## PROBLEM STATEMENT
Reproduce the material below only from the line with "Hello Smart Bots" to the line with "We have a network", both included, keeping each line exact and dropping the pictures.

====== EXTRACTED RECORDS ======

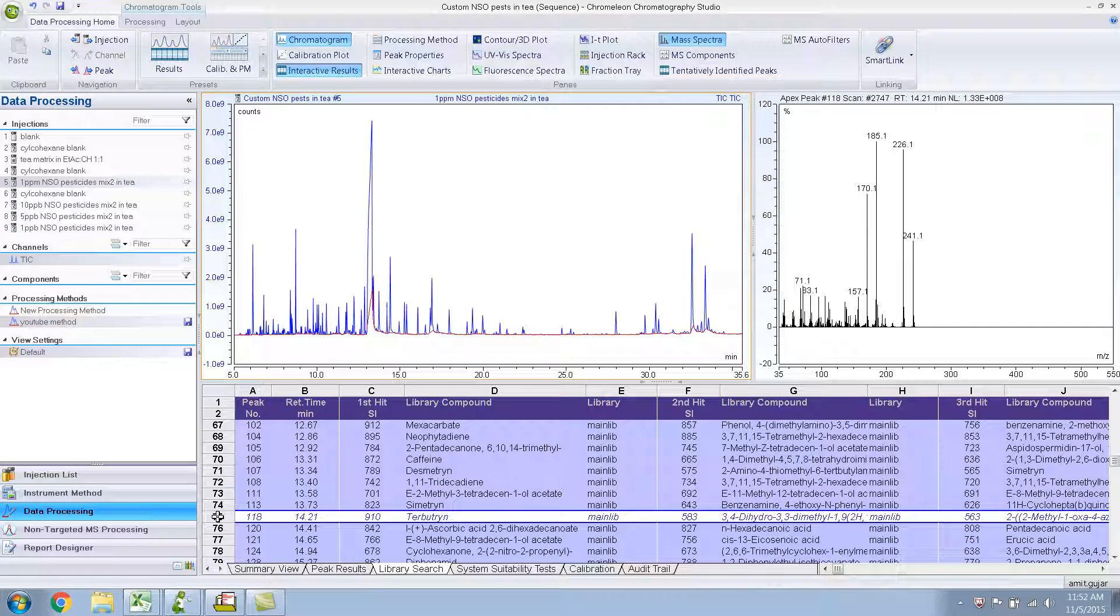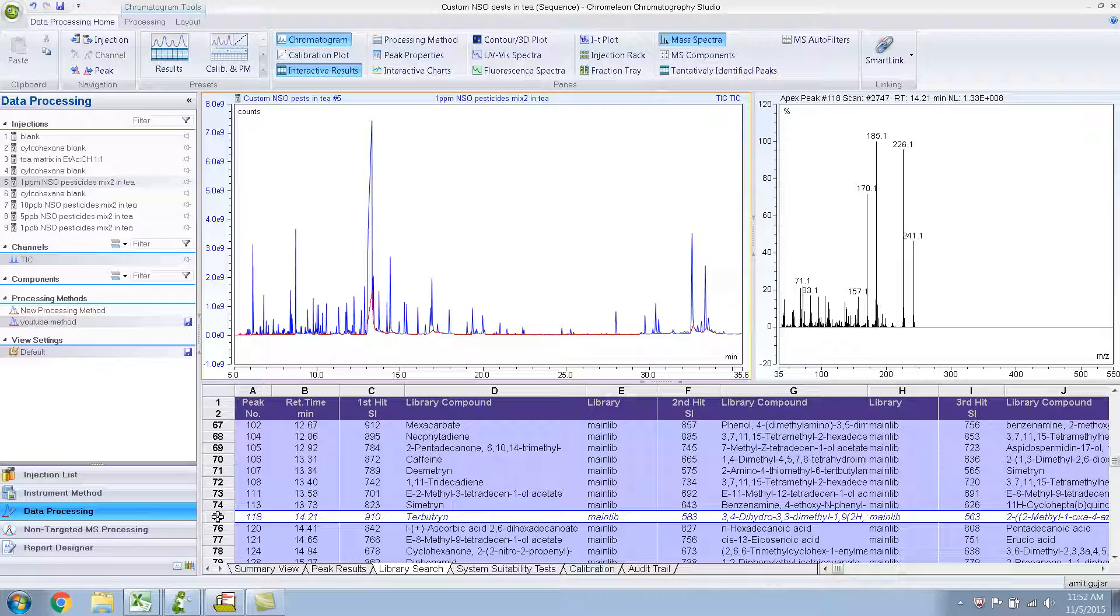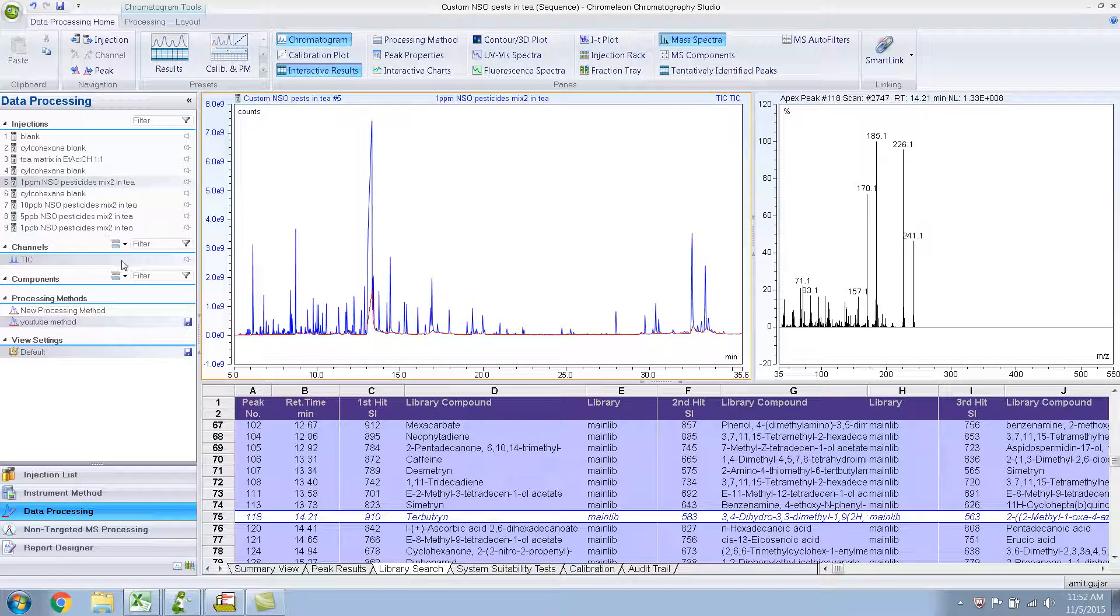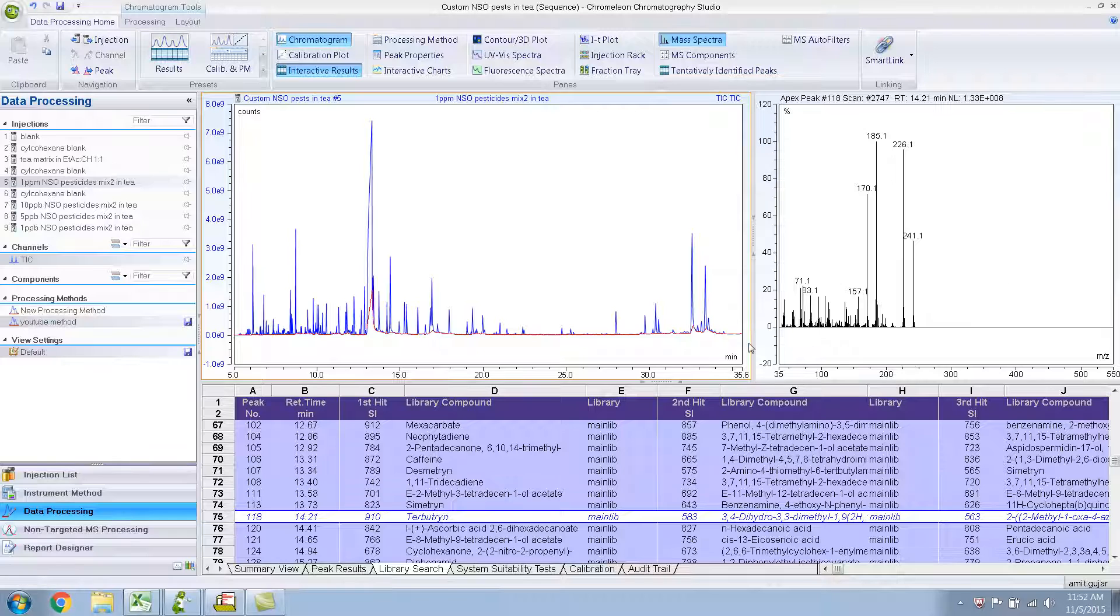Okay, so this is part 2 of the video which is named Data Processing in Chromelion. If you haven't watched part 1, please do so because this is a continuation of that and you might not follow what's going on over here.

======
====== EXTRACTED RECORDS ======

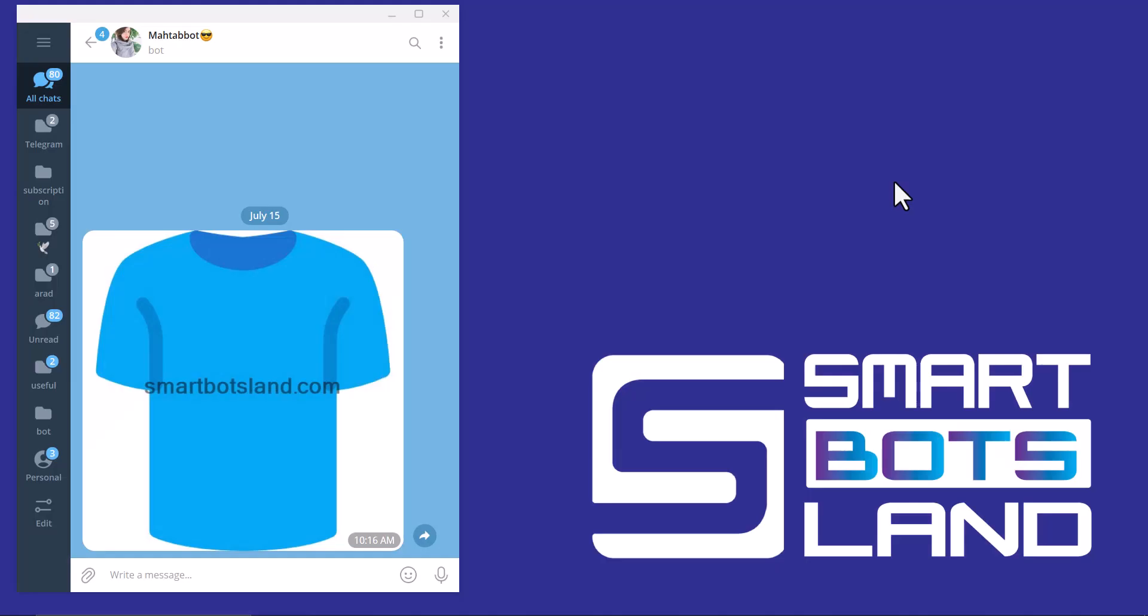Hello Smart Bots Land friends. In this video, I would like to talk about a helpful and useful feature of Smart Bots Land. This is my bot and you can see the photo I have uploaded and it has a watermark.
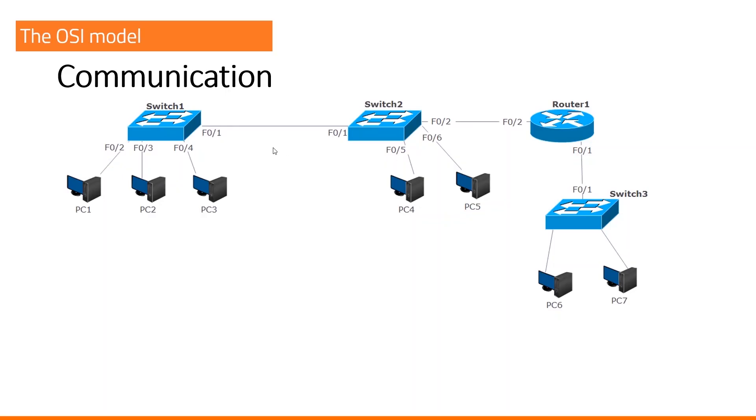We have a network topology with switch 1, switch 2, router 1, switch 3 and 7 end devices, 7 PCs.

======

## SOLUTION
Hello Smart Bots Land friends. In this video, I would like to talk about a helpful and useful feature of Smart Bots Land. This is my bot and you can see the photo I have uploaded and it has a watermark.
We have a network topology with switch 1, switch 2, router 1, switch 3 and 7 end devices, 7 PCs.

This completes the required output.